╭─ Supplied information
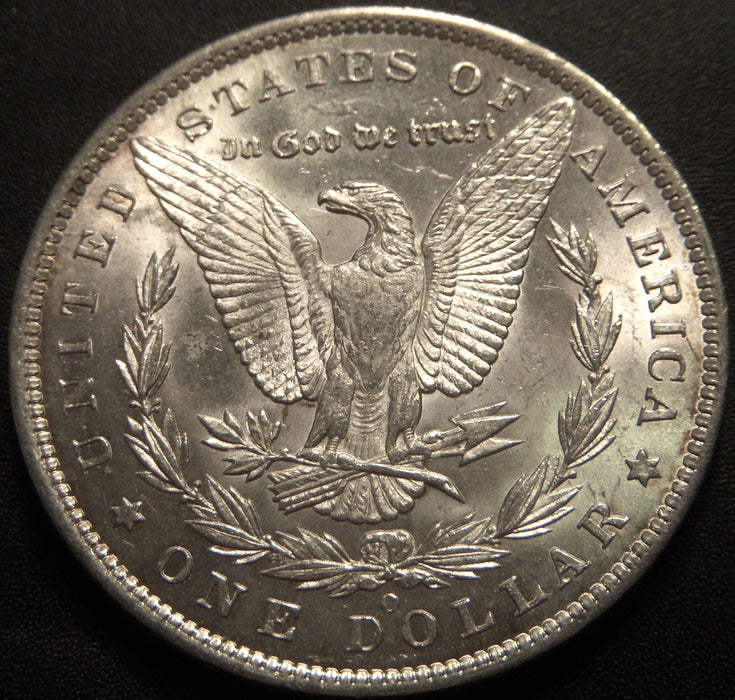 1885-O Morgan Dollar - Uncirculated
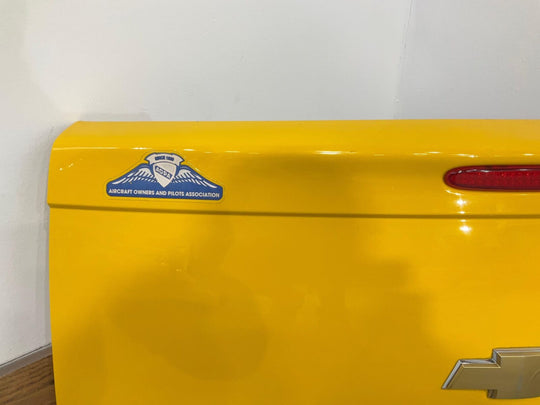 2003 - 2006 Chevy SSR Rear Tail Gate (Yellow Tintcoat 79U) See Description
╰─
╭─ Supplied information
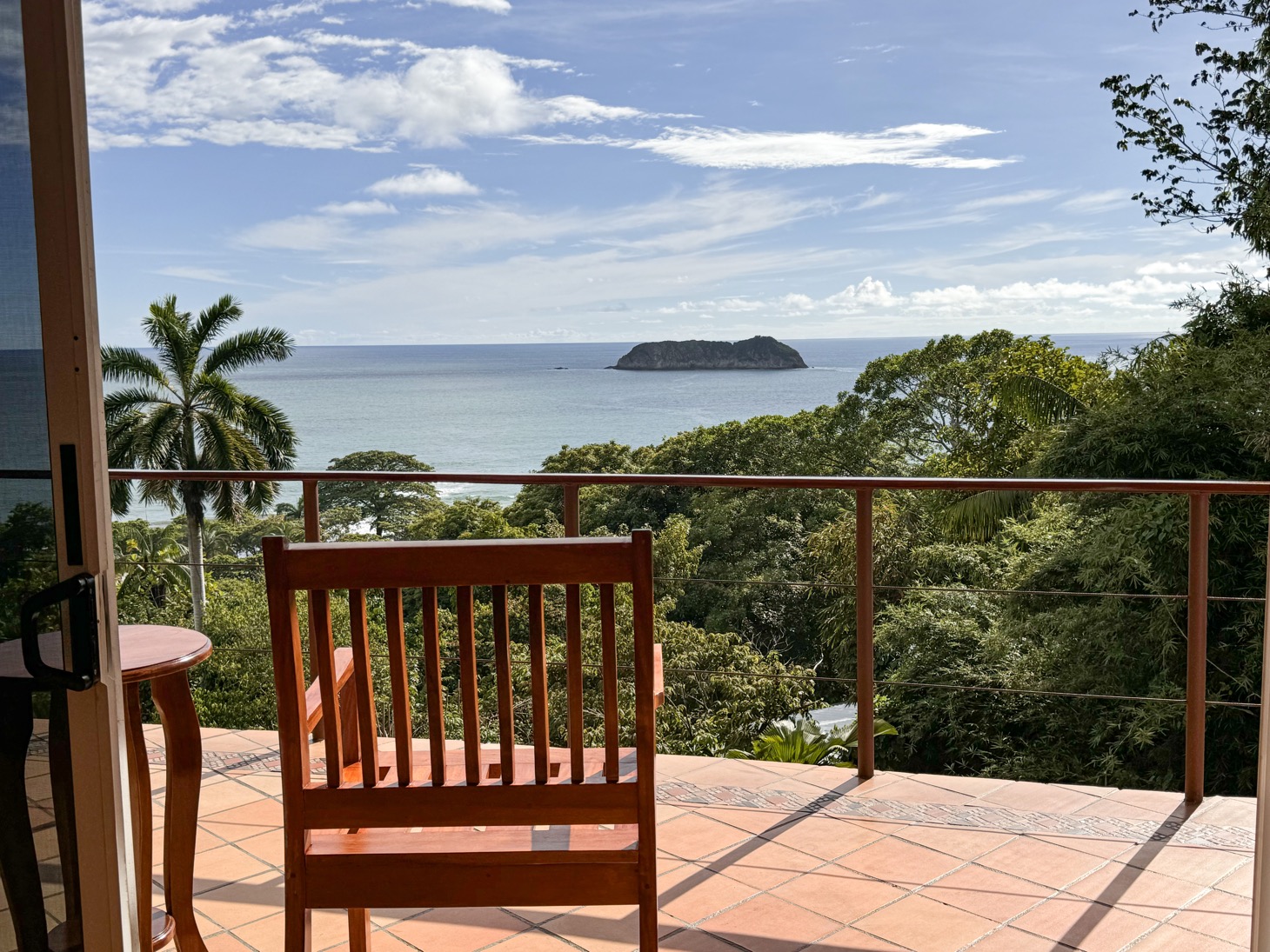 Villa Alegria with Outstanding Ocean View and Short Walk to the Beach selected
╰─
╭─ Supplied information
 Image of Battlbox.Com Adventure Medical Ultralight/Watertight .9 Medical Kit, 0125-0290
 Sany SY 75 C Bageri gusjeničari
╰─
Retype exactly the span of lines from the one with "Image of Battlbox.Com" through the one with "Sany SY 75 C Bageri gusjeničari"; include both ends and omit the rest of the material.

Result -
 Image of Battlbox.Com Adventure Medical Ultralight/Watertight .9 Medical Kit, 0125-0290
 Sany SY 75 C Bageri gusjeničari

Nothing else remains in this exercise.